C’est exactement ce qui se passe au buisson ardent. Moïse fait paître le troupeau de Jéthro, son beau-père, en Madian. La vie suit son cours. Puis, tout à coup, un buisson brûle sans se consumer. Moïse fait un détour. Et là, le Dieu invisible se rend présent, il parle, il se nomme. Cette rencontre a été vécue une fois pour nous. Elle prépare une rencontre encore plus grande : celle que nous avons en Jésus-Christ, celui qui reprendra pour lui-même ce nom de « JE SUIS ».
La question qui tient l’ensemble d’Exode 3 et 4, c’est : qui est le Dieu de la promesse ? Celle qui avait été faite à Abraham, qui s’accomplit en Jésus-Christ pour toutes les nations qui croient en lui.

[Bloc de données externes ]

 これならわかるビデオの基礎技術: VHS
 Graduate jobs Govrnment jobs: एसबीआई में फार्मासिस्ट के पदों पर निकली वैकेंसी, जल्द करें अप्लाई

Le texte donne trois réponses claires. Il est le Dieu de l’alliance. Il est le Dieu de la délivrance. Il est le Dieu digne de confiance.
Plan de la prédication
1. Il est le Dieu de l’alliance (Exode 3.1-6)
Moïse faisait paître le troupeau de Jéthro, son beau-père. On aurait pu le voir prince d’Égypte ; il se retrouve habillé d’un vêtement de poil quelque part dans le désert avec sa famille. La vie suit son cours jusqu’au moment où l’ange de l’Éternel lui apparaît dans une flamme de feu au milieu d’un buisson. Le buisson brûle, mais il ne se consume pas.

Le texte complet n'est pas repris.